:: Instructions to follow ::
Your task is to copy the listing exactly. Drop any pictures from the copy.

##### Input data

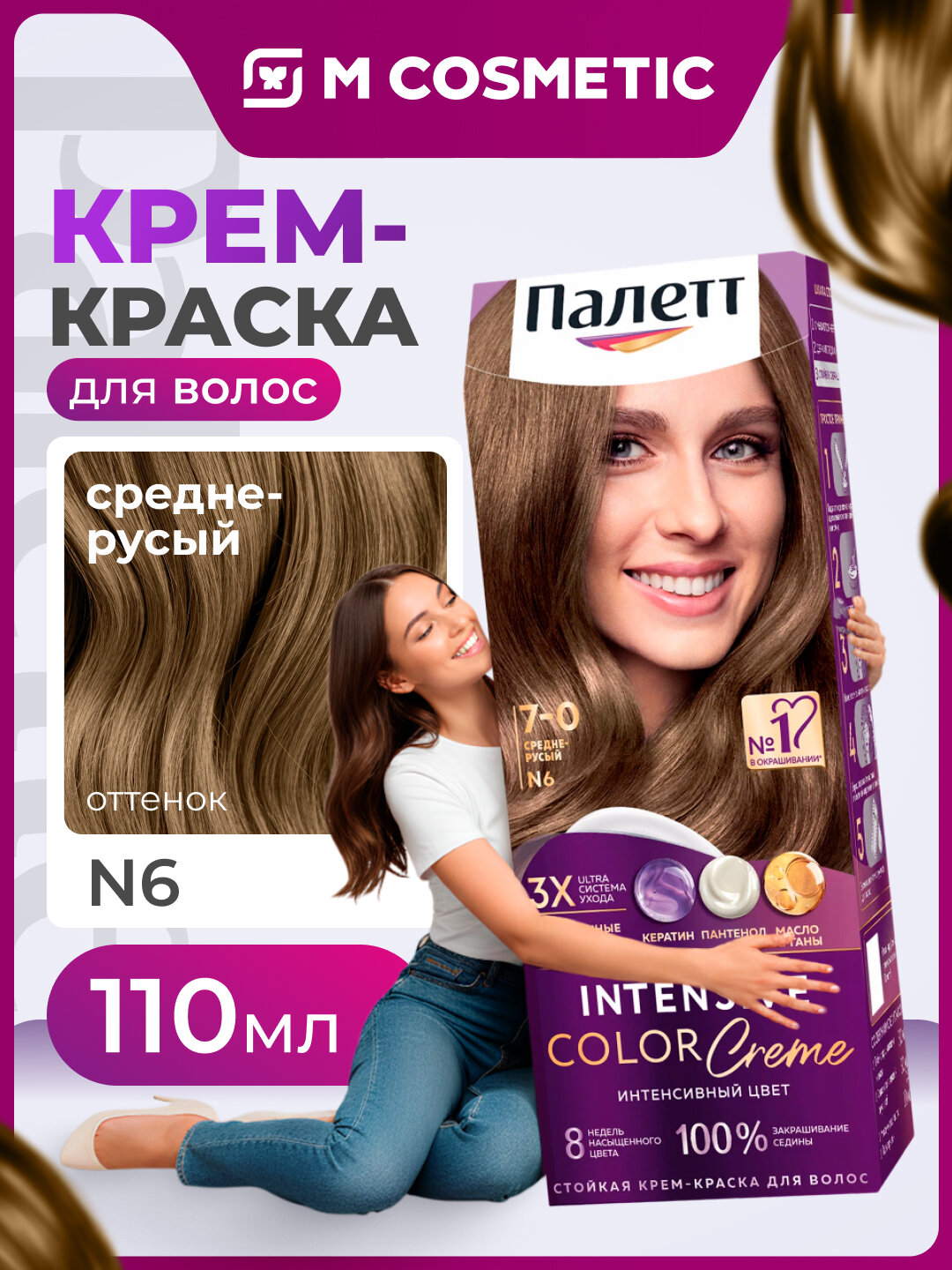 Крем-краска "Палетт", оттенок 7-0, средне-русый блонд, 110мл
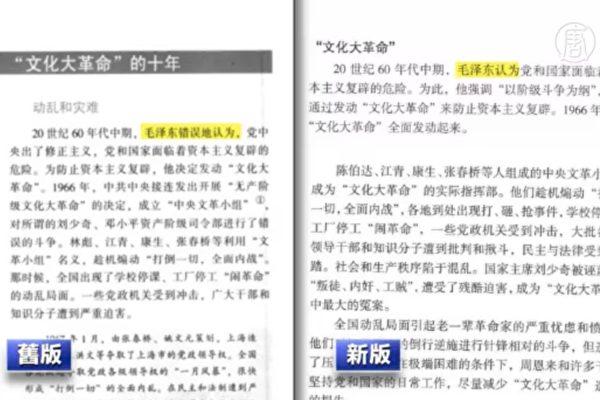 中共再次篡改教科书洗白文革 学者担忧 ( 图 )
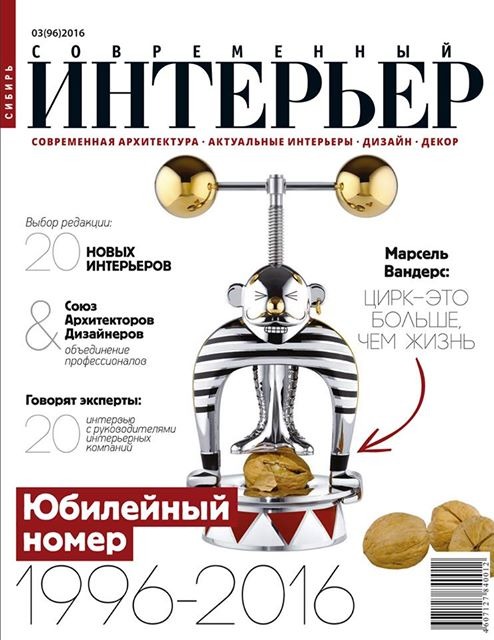 Статья в журнале современный интерьер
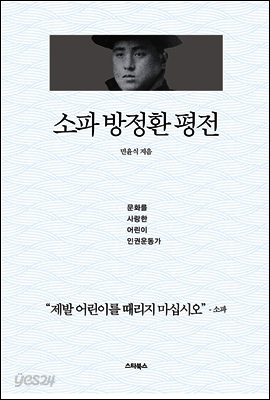 소파 방정환 평전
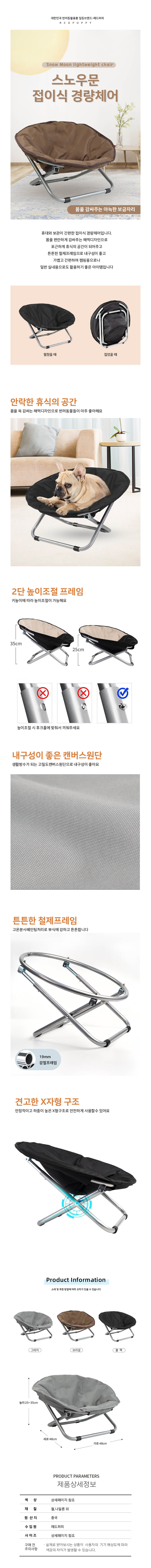 강아지 경량 접이식 쇼파 1P 휴대용 캠핑 휴식 의자 상세 이미지 2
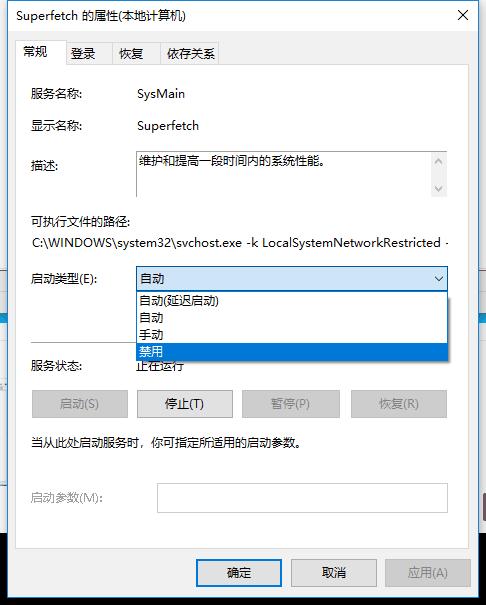 dnf帧数低解决方法win10,dnfwin10笔记本帧数低解决方法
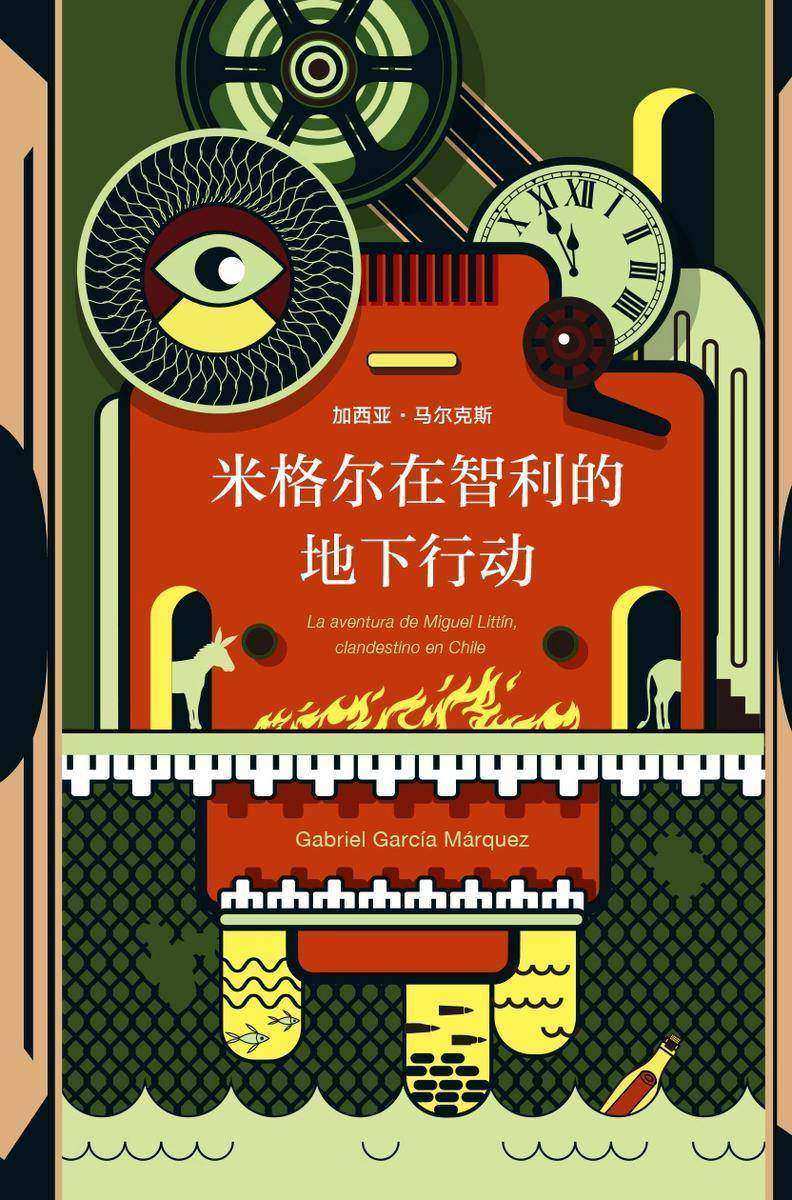 米格尔在智利的地下行动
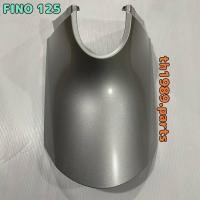 ราคา BB9-F172W-00-35 ฝาครอบใต้เบาะสีเทา FINO125 อะไหล่แท้ YAMAHA (17392398075)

##########

:: The answer ::
 Крем-краска "Палетт", оттенок 7-0, средне-русый блонд, 110мл
 中共再次篡改教科书洗白文革 学者担忧 ( 图 )
 Статья в журнале современный интерьер
 소파 방정환 평전
 강아지 경량 접이식 쇼파 1P 휴대용 캠핑 휴식 의자 상세 이미지 2
 dnf帧数低解决方法win10,dnfwin10笔记本帧数低解决方法
 米格尔在智利的地下行动
 ราคา BB9-F172W-00-35 ฝาครอบใต้เบาะสีเทา FINO125 อะไหล่แท้ YAMAHA (17392398075)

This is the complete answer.